# Action item
Return every record below exactly; leave out the images.

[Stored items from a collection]
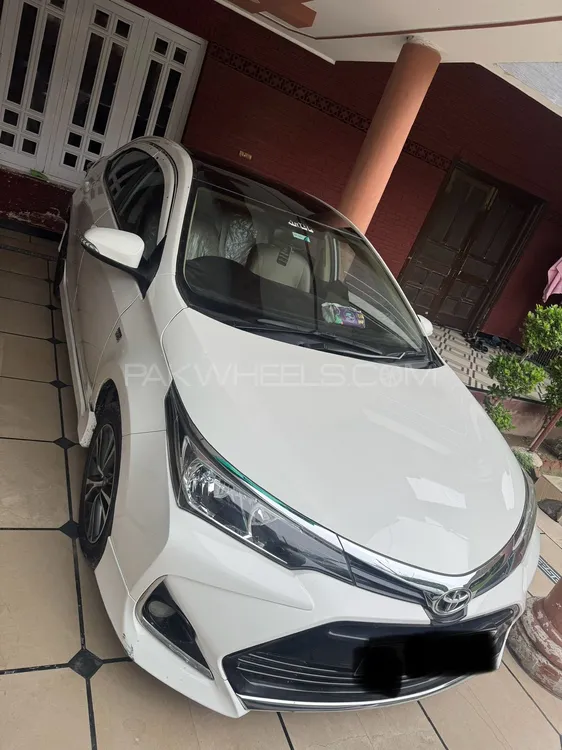 Toyota Corolla 2020 for Sale in Faisalabad Image-1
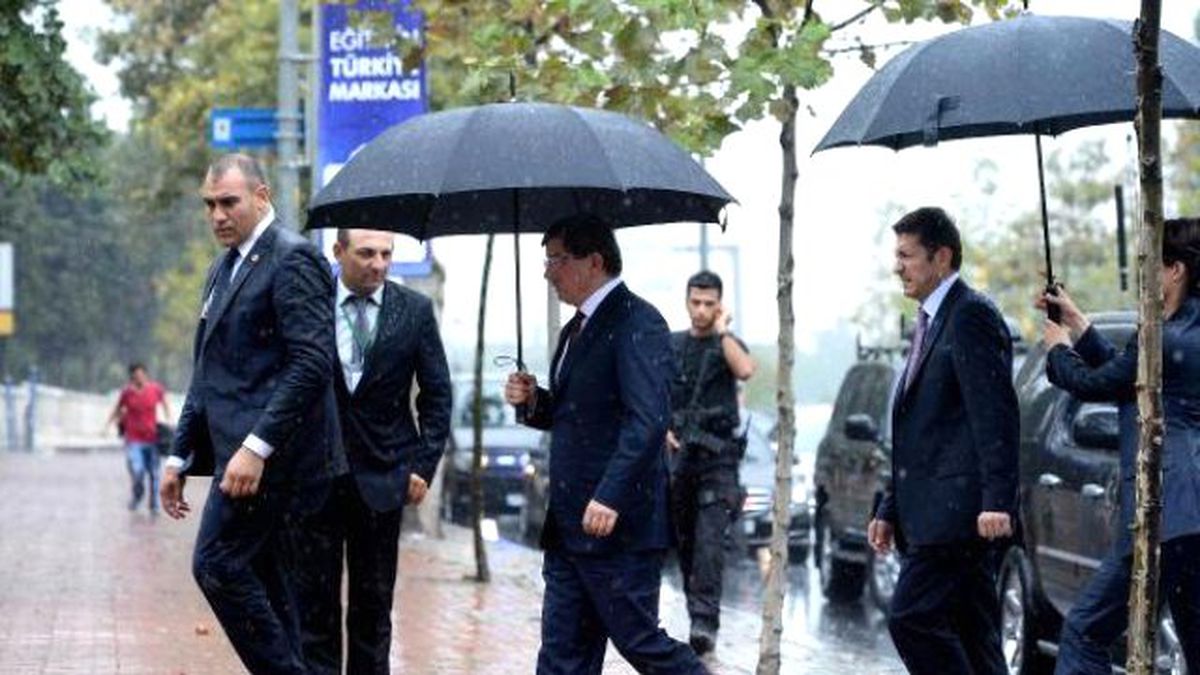 Başbakan Davutoğlu Fransa\'ya Gidiyor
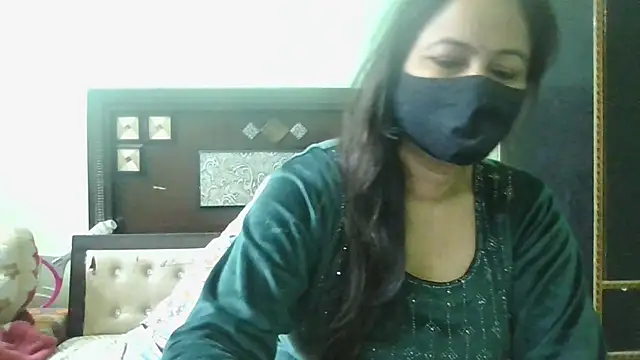 couplesuni online show from 12/02/24, 03:47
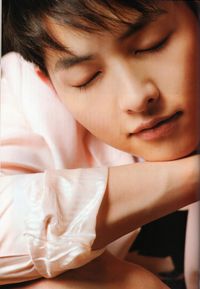 Song Joong Ki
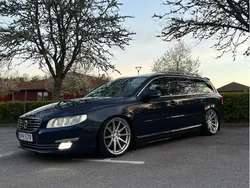 Blå Begagnad 2015 Volvo V70 Summum Kombi | 155 000 kr (Lite dyr)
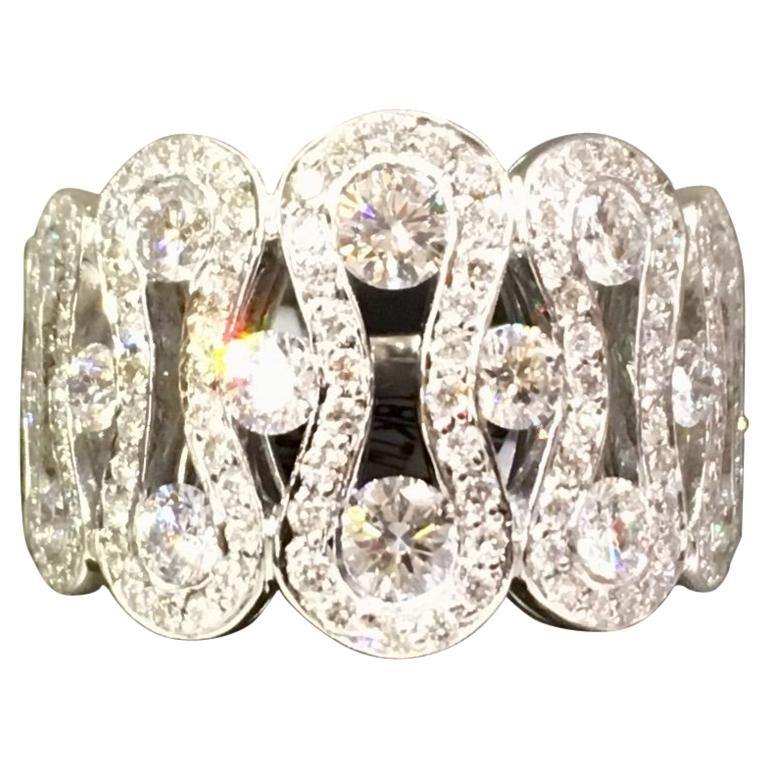 Waskoll Diamond Pavage 18 Karat White Gold Wave Ring For Sale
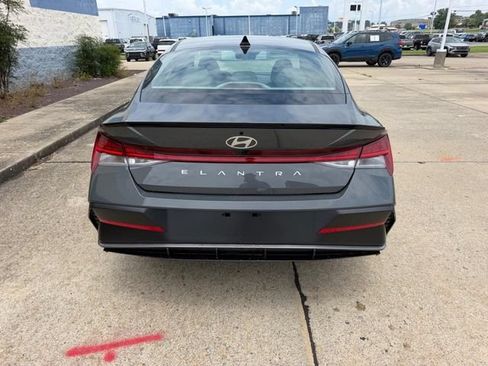 New 2026 Hyundai Elantra SEL Sport Premium FWD image 4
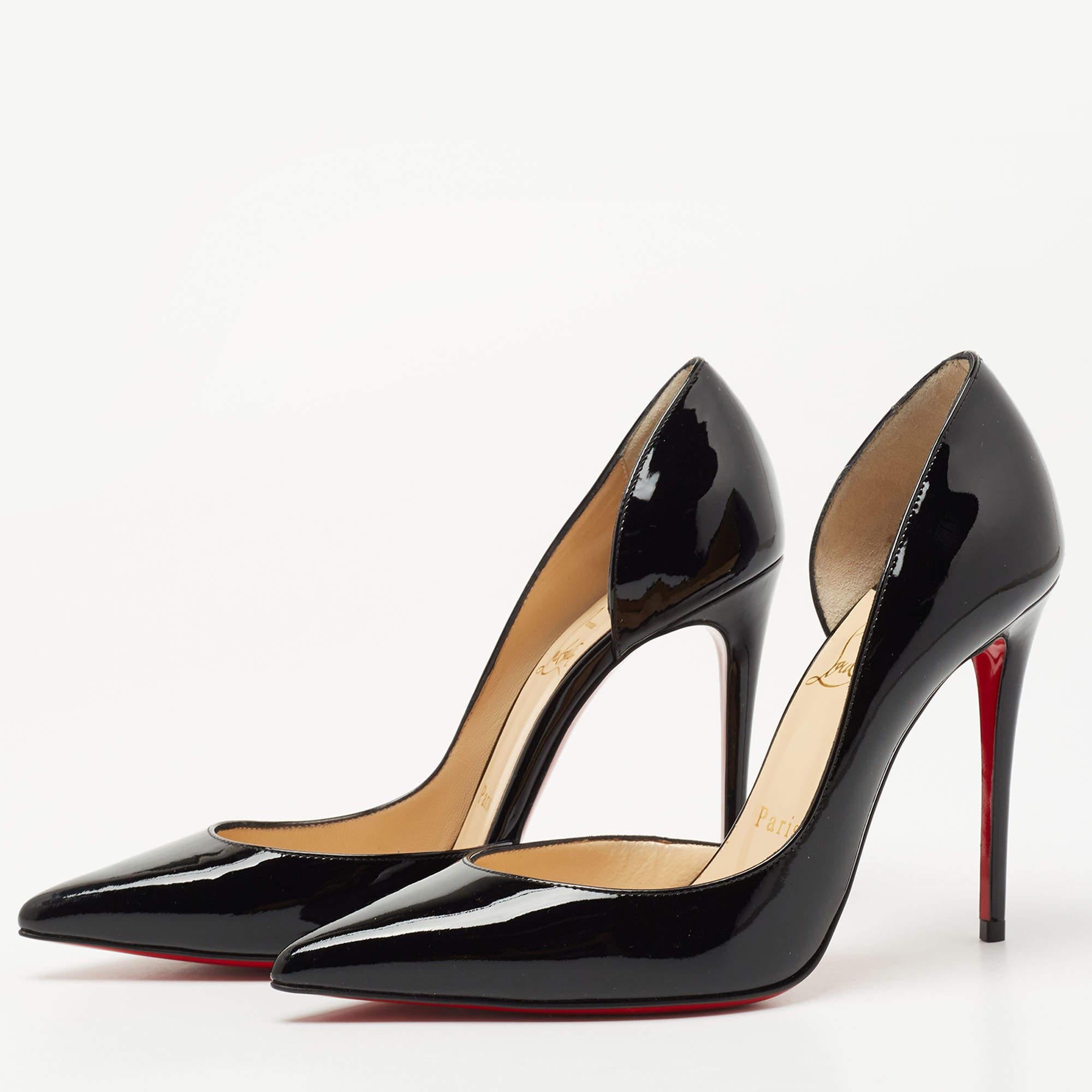The perfectly placed d'Orsay cut of this pair of Christian Louboutin pumps exemplifies the brand's mastery in shoemaking. Created from patent leather, it embodies a sharp silhouette. The signature red-lacquered sole of these shoes marks the rich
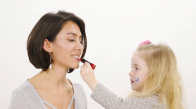 Ebrar Alya Demirbilek Kızlara Makyaj Yapıyor - Onedio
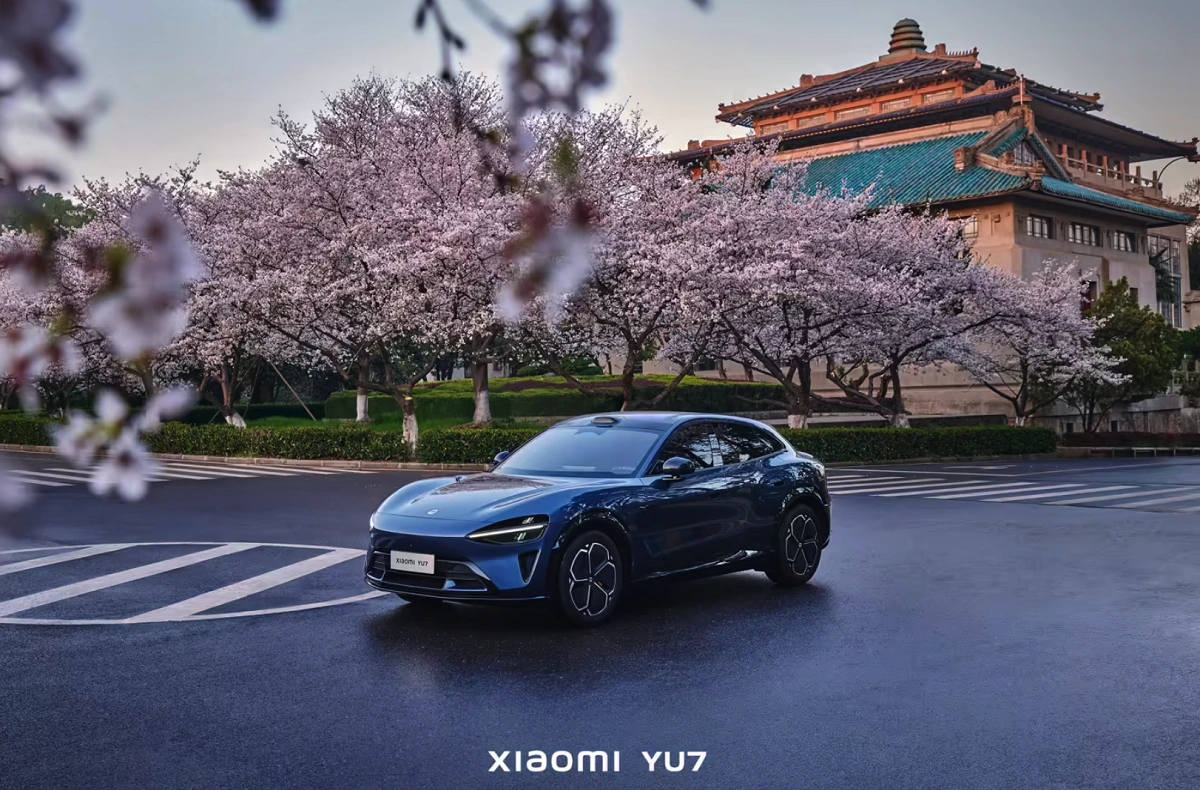 小米回應(yīng)YU7剎車片賽道測試起火：沒跑散熱圈極端情況下直接駐車，制動(dòng)系統(tǒng)功能健全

# The completed task
 Toyota Corolla 2020 for Sale in Faisalabad Image-1
 Başbakan Davutoğlu Fransa\'ya Gidiyor
 couplesuni online show from 12/02/24, 03:47
 Song Joong Ki
 Blå Begagnad 2015 Volvo V70 Summum Kombi | 155 000 kr (Lite dyr)
 Waskoll Diamond Pavage 18 Karat White Gold Wave Ring For Sale
 New 2026 Hyundai Elantra SEL Sport Premium FWD image 4
The perfectly placed d'Orsay cut of this pair of Christian Louboutin pumps exemplifies the brand's mastery in shoemaking. Created from patent leather, it embodies a sharp silhouette. The signature red-lacquered sole of these shoes marks the rich
 Ebrar Alya Demirbilek Kızlara Makyaj Yapıyor - Onedio
 小米回應(yīng)YU7剎車片賽道測試起火：沒跑散熱圈極端情況下直接駐車，制動(dòng)系統(tǒng)功能健全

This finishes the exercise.